Recently my colleague Ruth Keogh and I had a paper published: ‘Bayesian correction for covariate measurement error: a frequentist evaluation and comparison with regression calibration’ (open access here). The paper compares the popular regression calibration approach for handling covariate measurement error in regression models with a Bayesian approach. The two methods are compared from the frequentist perspective, and one of the arguments we make is that frequentists should more often consider using Bayesian methods.

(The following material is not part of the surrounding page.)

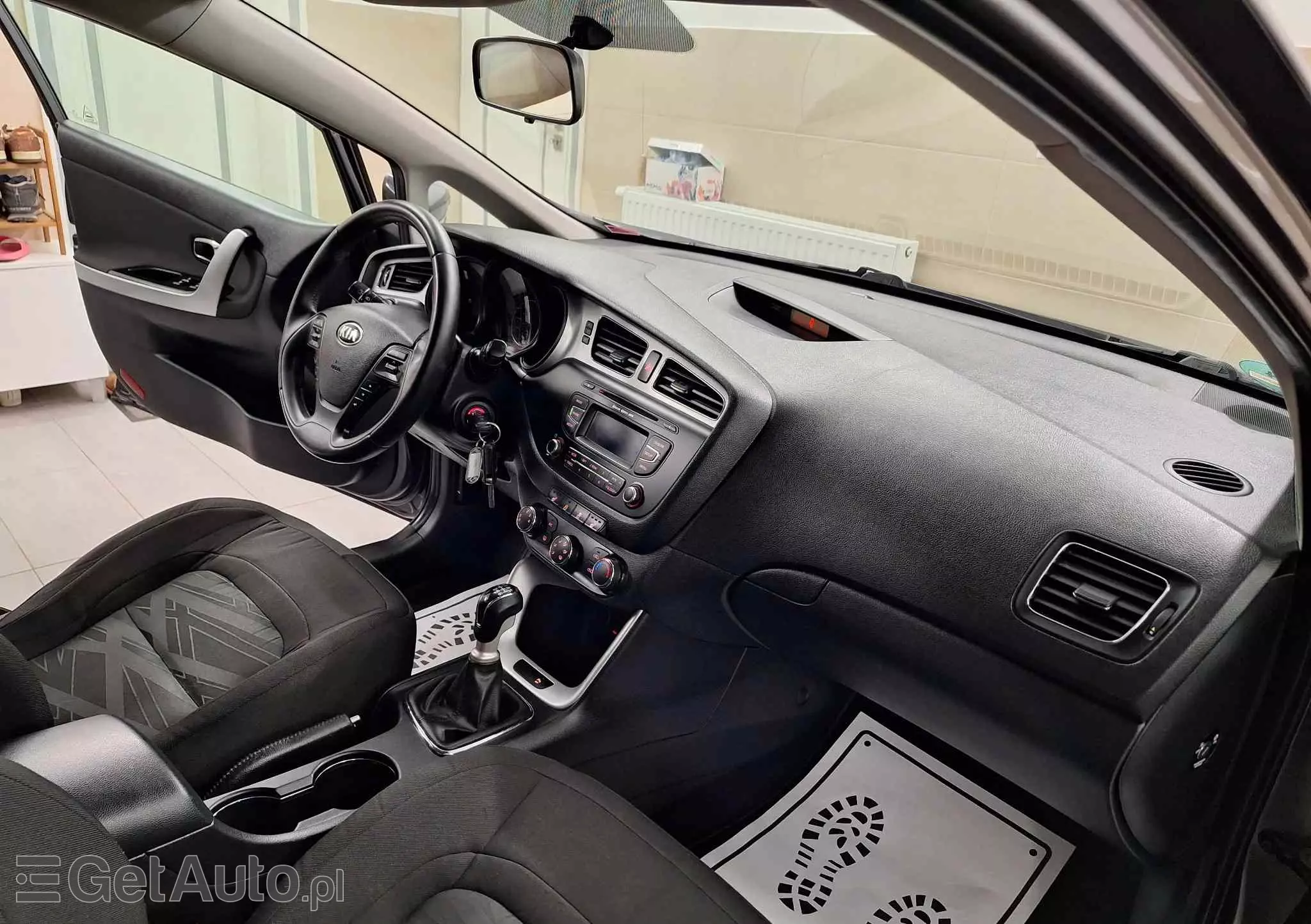 KIA Ceed 1.4 CVVT Dream Team Edition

At first sight this may seem a strange suggestion. The Bayesian approach by construction is not concerned with frequentist notions of repeated sampling properties. It requires the user to specify their a priori beliefs about the model parameters, and these are combined with the model likelihood function to give the posterior distribution for the parameters. In contrast, the method of maximum likelihood is very commonly used by frequentists, and often forms an important component of frequentist statistics courses.
From the frequentist perspective, a method can of course be evaluated in terms of bias and variance even if the method was not constructed with a view to it having good frequentist properties. Like Bayesian methods, maximum likelihood is not derived from a frequentist perspective. Nevertheless, we can evaluate its repeated sample properties. In finite samples, the maximum likelihood estimator is not necessarily unbiased. For example, in logistic regression with a single covariate, the maximum likelihood estimator of the odds ratio is biased away from the null. But as the sample size gets large, subject to regularity conditions the bias in maximum likelihood estimators goes to zero. Moreover, the variance goes to zero as the sample size tends to infinity, so that the estimator is consistent. Lastly, among all reasonable estimators in parametric models, the maximum likelihood estimator achieves the lowest possible asymptotic variance (it is an efficient estimator).
Given these properties, it is perhaps unsurprising that the method of maximum likelihood is so popular, in particular among those that are happy with the frequentist paradigm. Perhaps less well known is the fact that, again under regularity conditions, Bayesian estimators enjoy exactly the same large sample properties as maximum likelihood estimators (see Chapter 4 of Gelman et al’s Bayesian Data Analysis book). This is because as the sample size gets large, the posterior is to a greater and greater extent determined by the likelihood function, with the prior having minimal impact.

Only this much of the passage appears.